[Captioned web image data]
=== Begin Enclosure ===

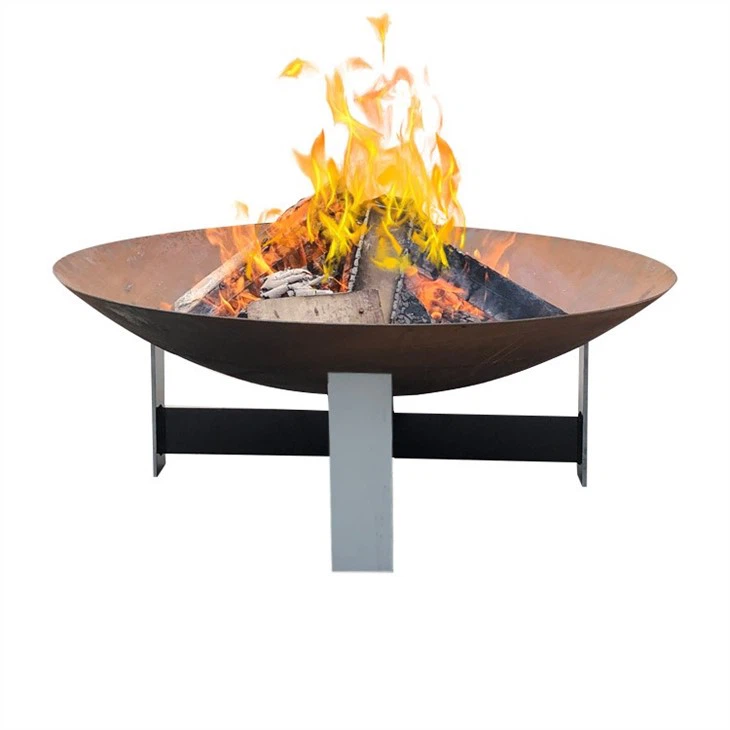 Outdoor Wood Charcoal Burning Rust Corten Steel Fireplace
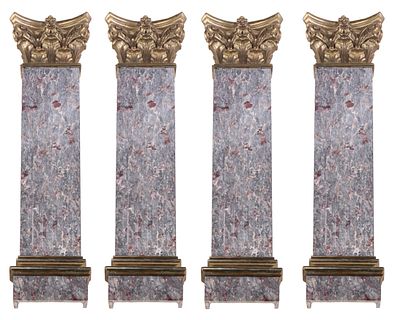 FOUR 84" FLUTED MARBLE AND BRONZE PILASTERS RECENTLY REMOVED FROM A PENTHOUSE APARTMENT IN. Four 
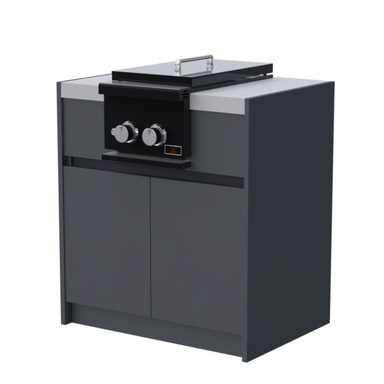 Whistler Side Burner & Storage Cabinet in stainless steel grey
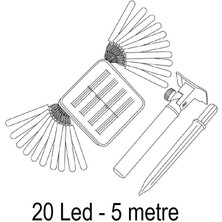 Forlife 20W 5 Metre 7 Mod Solar Işık Zinciri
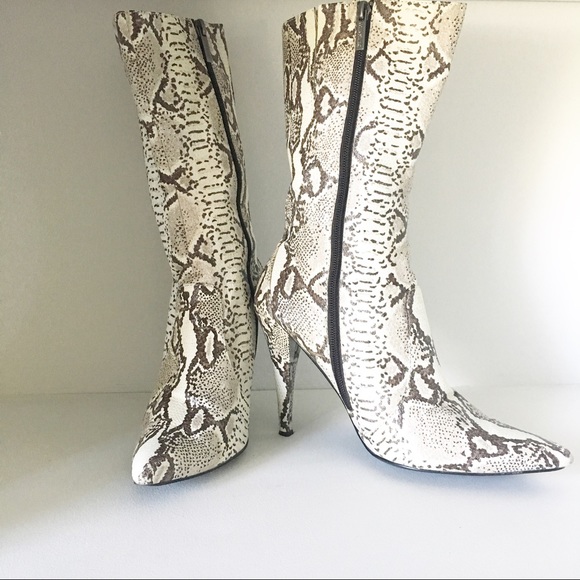 mid calf snakeskin boots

=== End Enclosure ===

#### Exercise details:
A verbatim copy of the entries, without the pictures, is what this task requires.

#### Response to the exercise:
 Outdoor Wood Charcoal Burning Rust Corten Steel Fireplace
 FOUR 84" FLUTED MARBLE AND BRONZE PILASTERS RECENTLY REMOVED FROM A PENTHOUSE APARTMENT IN. Four 
 Whistler Side Burner & Storage Cabinet in stainless steel grey
 Forlife 20W 5 Metre 7 Mod Solar Işık Zinciri
 mid calf snakeskin boots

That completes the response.